:: Dataset extract

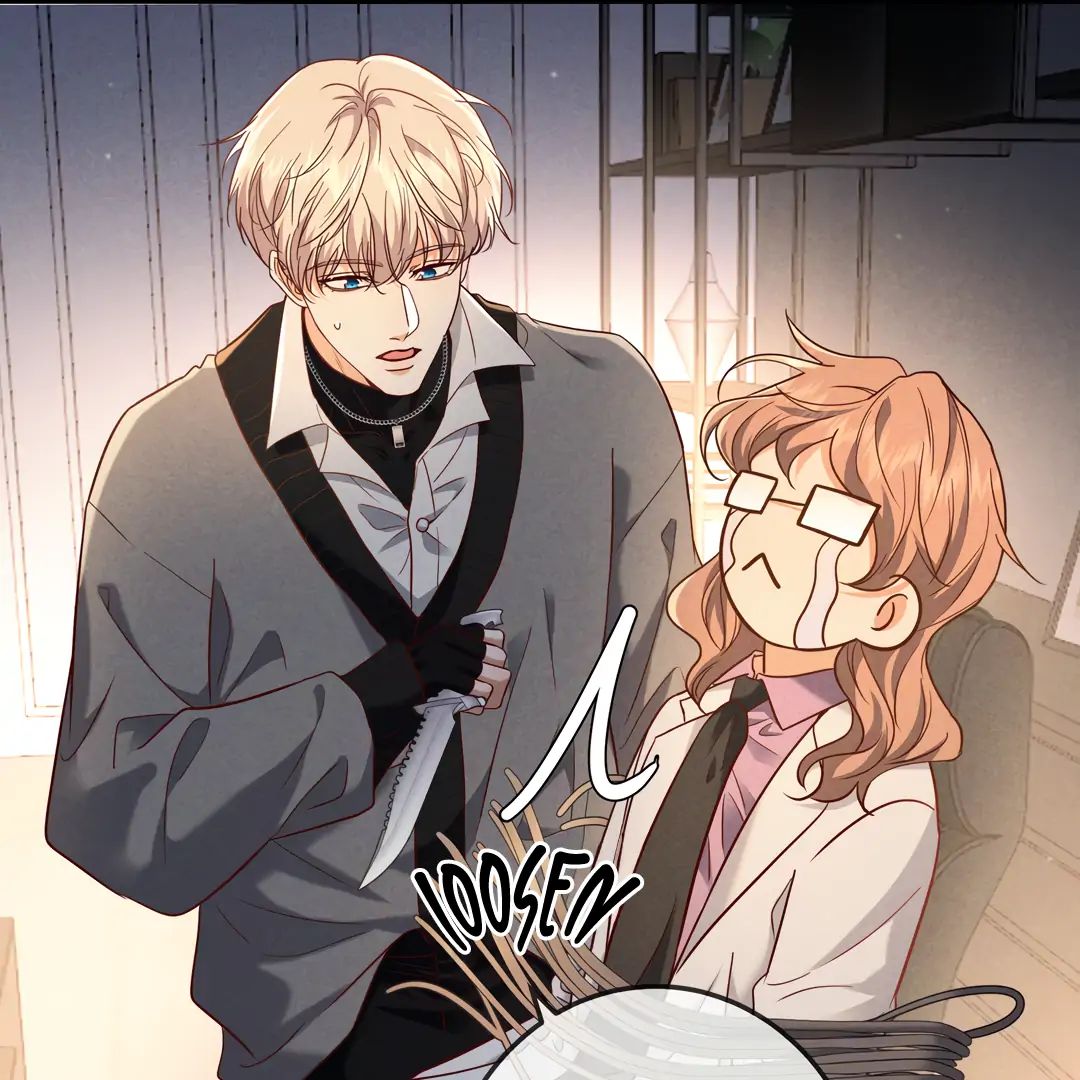 Read Kill My Love chapter 49.1 image 55 on Lezhin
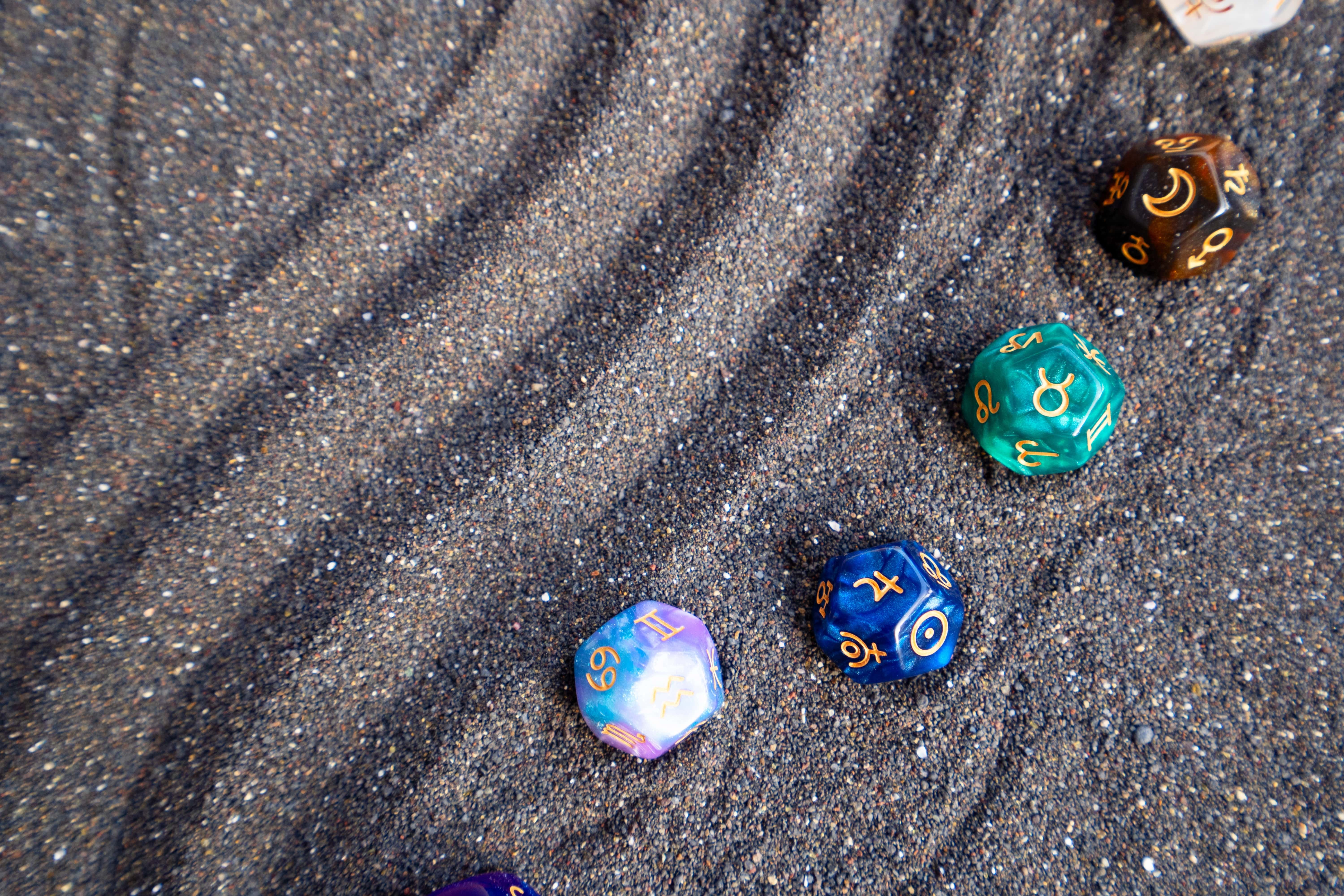 Toto je duševně nejkrásnější znamení horoskopu, čisté a zranitelné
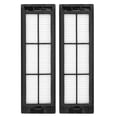 thumbnail image 4 of 2pcs Filtre de Remplacement pour XIAOMI Robot Roborock Balayage Aspirateur Pièces, 4 of 9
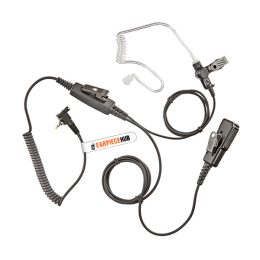 PRO-HD Motorola MTH800 Radio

::::

Exercise goal>
In your output, include only the lines from the line containing "Toto je duševně" through the last line of the material above, exactly as they appear, and leave out the pictures.

Result for this task>
 Toto je duševně nejkrásnější znamení horoskopu, čisté a zranitelné
 thumbnail image 4 of 2pcs Filtre de Remplacement pour XIAOMI Robot Roborock Balayage Aspirateur Pièces, 4 of 9
 PRO-HD Motorola MTH800 Radio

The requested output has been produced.